The solution to a dilemma is found within – Not just within yourself but also, within the dilemma.  It’s all in how you look at the problem, your perspective,  and what assumptions you have accepted that may need to be re-evaluated, your paradigms and beliefs.

Re-evaluated through a new perspective provides fresh insights into the problem and its underlying components, agreements, and belief systems.

You have to be focused and clarifying.  Objective rather than subjective n your evaluation.

In psychology we talk about an observing ego.

The underlying aspect of an observing ego is an unattached perspective of yourself – observing and evaluating your behavior from a slight distance without subjectivity.  It’s an aspect of yourself that is more neutral and observant.  It provides information about reality testing and whether your paradigms are fully informed.  From a psychological perspective developing your mindfulness will develop your observing ego resulting in an internal system for paradigm identification and shifting.

Perspective alteration leads to paradigm shifting, especially when done in a neutral unattached mindful way.

Usually a person evaluates a chronic or bothersome problem as if running on a track, and with each repeat of the course of thinking he creates a rut in thinking, so that he is unable to see other perspectives, interpretations, or outcomes.  This creates a feeling of being stuck, constriction, and powerlessness.

Sometimes this worsens over time as each course chooses a subjective negative perspective leading to a downward spiral – this is depressive thinking.

The more one repeats runs around the thinking track the more one feels stuck.  This deep and constant feeling of discouragement decreases a persons capacity  to see from a whol-istic, mindful perspective.  And this makes the solution that is present invisible to the person. This results in internalized frustration that then pervasively affects other aspects of his life, and life choices.

The solution is present in the interpretation of the components of the problem.  Looking at a problem from various perspectives shifts the rut in thinking, or offers a new visual or sensory perception of the problem.

Changing your perspective is like changing the lens of a camera it shifts the image, it allows one to see various details of the image differently.  This is true about a problem too – shifting your perspective allows details to be viewed differently, some become more clear others obscured – like zooming in or out.  It allows for a shifting between figure and ground or paradigm perspectives.

Through this review one is able to see what assumptions, paradigms, internalized or introjected belief systems are informing one’s thinking regarding a problem.

Here is an example of a relationship problem.

A person is in a relationship that does not serve her.  She feels obligated to her partner but doesn’t feel fulfilled; these feelings are at cross purposes.  She has a belief system that requires she stay in the relationship.  She tells herself she must deal with it and suppress or “get over” what she is feeling.  This requires a denial of who she is at a core level.

If she is successful at this then she splits away from herself and feels alone and disconnected.

If this is not successful then she feels incompetent and develops poor self-esteem.

At various intervals she feels stuck – neither option of staying or going feels like a solution because she has set up a complicated bind of agreements, beliefs, and expectations that together are incapacitating.  Therefore, she feels stuck and powerless in her life.

The solution is present within the dilemma but she will have to look at each of the agreements, interpretations and expectations that make up the problem to determine which are inaccurate or untenable.  Then she will have to re-choose how she wants to act in the relationship.

First she has to center herself on what she wants and believes and then the action or solution to the problem will present itself.  If her wants and beliefs are at cross purposes then she will be stuck in her thinking and be unable to act.

This is mindful paradigm perspective shifting and I call it Soul-utions focused re-working or working through.

Why Soul-utions ?  The soul or heart is whence she needs to be evaluating her situation – not the mind/thinking alone.  Think of mindfulness as the mind filled with the guidance of the heart.

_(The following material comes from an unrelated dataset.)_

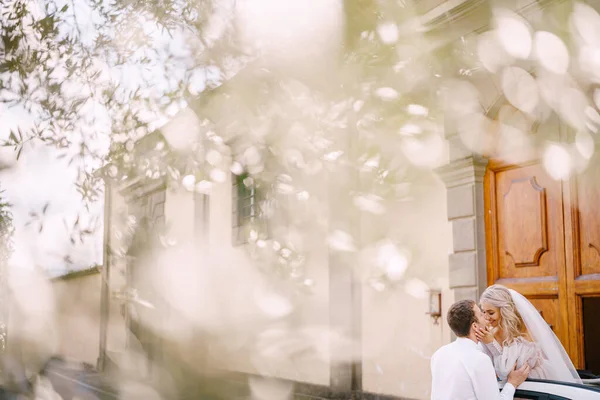 La sposa guarda fuori dal cabriolet e bacia lo sposo. Matrimonio a Firenze, in una vecchia villa-cantina . — Foto Stock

The mind is directed by core instinctive knowings which are deeper and more personal than the social mores that are laid over our internal sense of self.  These are more personal but not more subjective, so that connecting to the core of yourself allows you to be more objective in your analysis of a situation.

Since we are social beings it is difficult at times to separate what is truly our center – our instinctive knowing – and what is a social or group expectation overlay.  Coming from our heart helps us make this distinction.

The more one practices mindfulness and meditation and breathing, the more one has access to his or her internal, centered, perspective of the world.

As you look through this mindful, internal, centered lens you are able to see the solution to whatever dilemma you are facing; it is within you (from your center) and within the components of the problem.

A good way to start this process is to remind yourself  to go within, stay centered and re-view what paradigms or perspectives make up the choices that make up the problem.  Some people find getting to a heart centered perspective requires a spiritual connection or praying – these modes can be helpful.  I find meditation useful.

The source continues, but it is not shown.